E o livro era acabado ainda naquela tarde se houvesse um irmão para fazer o recado que a mãe pedia. O que interessava era não sair daquele mundo em que se estava envolvido por observação, é certo, mas sentindo alegrias e tristezas, experimentando medo, surpresas, entusiasmo tal como aqueles que se observavam (de longe, para eles não nos verem e assim não se desfazer o encanto). (Sousa, 1990, p 115)1

Longe a minha infância, longe a minha adolescência, mas sinto-me fielmente retratada neste excerto que me transporta a esses tempos distantes.

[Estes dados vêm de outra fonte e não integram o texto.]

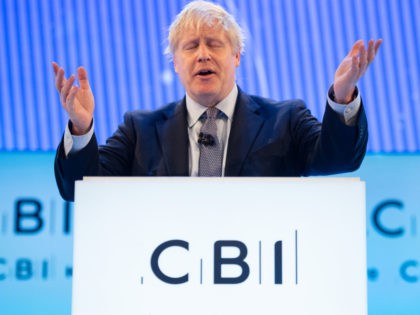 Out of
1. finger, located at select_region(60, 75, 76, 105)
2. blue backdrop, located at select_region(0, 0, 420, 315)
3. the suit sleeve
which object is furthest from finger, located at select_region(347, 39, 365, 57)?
blue backdrop, located at select_region(0, 0, 420, 315)

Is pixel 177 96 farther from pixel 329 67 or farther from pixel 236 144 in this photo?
pixel 236 144

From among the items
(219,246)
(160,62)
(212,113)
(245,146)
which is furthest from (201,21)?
(160,62)

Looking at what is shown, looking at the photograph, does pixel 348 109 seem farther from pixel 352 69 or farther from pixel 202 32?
pixel 202 32

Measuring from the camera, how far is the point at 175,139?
1.91 m

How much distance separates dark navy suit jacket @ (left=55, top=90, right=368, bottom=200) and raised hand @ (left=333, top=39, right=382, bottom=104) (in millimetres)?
119

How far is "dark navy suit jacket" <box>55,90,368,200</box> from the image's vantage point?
1.78 meters

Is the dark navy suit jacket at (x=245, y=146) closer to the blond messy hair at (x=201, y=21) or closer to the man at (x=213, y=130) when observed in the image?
the man at (x=213, y=130)

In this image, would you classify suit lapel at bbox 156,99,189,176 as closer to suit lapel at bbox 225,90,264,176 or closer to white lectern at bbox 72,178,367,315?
suit lapel at bbox 225,90,264,176

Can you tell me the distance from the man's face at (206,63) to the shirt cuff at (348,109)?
41cm

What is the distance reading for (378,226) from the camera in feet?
9.05

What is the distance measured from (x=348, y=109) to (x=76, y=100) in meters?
0.62

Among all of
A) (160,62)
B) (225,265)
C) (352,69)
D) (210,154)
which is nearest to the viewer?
(225,265)

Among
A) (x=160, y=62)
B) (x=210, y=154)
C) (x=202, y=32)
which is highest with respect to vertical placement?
(x=160, y=62)

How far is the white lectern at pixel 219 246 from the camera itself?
4.16ft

O meu contacto com a literatura começou antes de aprender a ler. Recordo o fascínio que sentia ao ver os mais crescidos, particularmente os meus pais, decifrarem num jornal, num livro ou numa simples carta, uma série de signos para mim estranhos e misteriosos. E se os signos traduzissem estórias, o fascínio era ainda maior. A minha imaginação viajava de forma prazerosa com as personagens, com as quais partilhava todas as emoções.

Vêm-me à memória inúmeros contos para a infância de Guerra Junqueiro, da Condessa de Ségur, de Hans Christian Andersen, mas também muitos outros textos não dedicados explicitamente às crianças.

Para além do conto havia a poesia e aí o gosto foi-me incutido essencialmente pelo meu pai. Desde sempre me lembro de o ouvir dizer/ler poesia (Camões, Bocage, Guerra Junqueiro, Augusto Gil, Júlio Dinis). Ficava fascinada a ouvi-lo e ainda hoje, apesar de nunca ter tido boa memória, consigo reproduzir excertos de alguns poemas, nomeadamente do soneto "Os amigos" de Camilo Castelo Branco e dos poemas "As andorinhas" de Júlio Dinis e "Aos simples" de Guerra Junqueiro.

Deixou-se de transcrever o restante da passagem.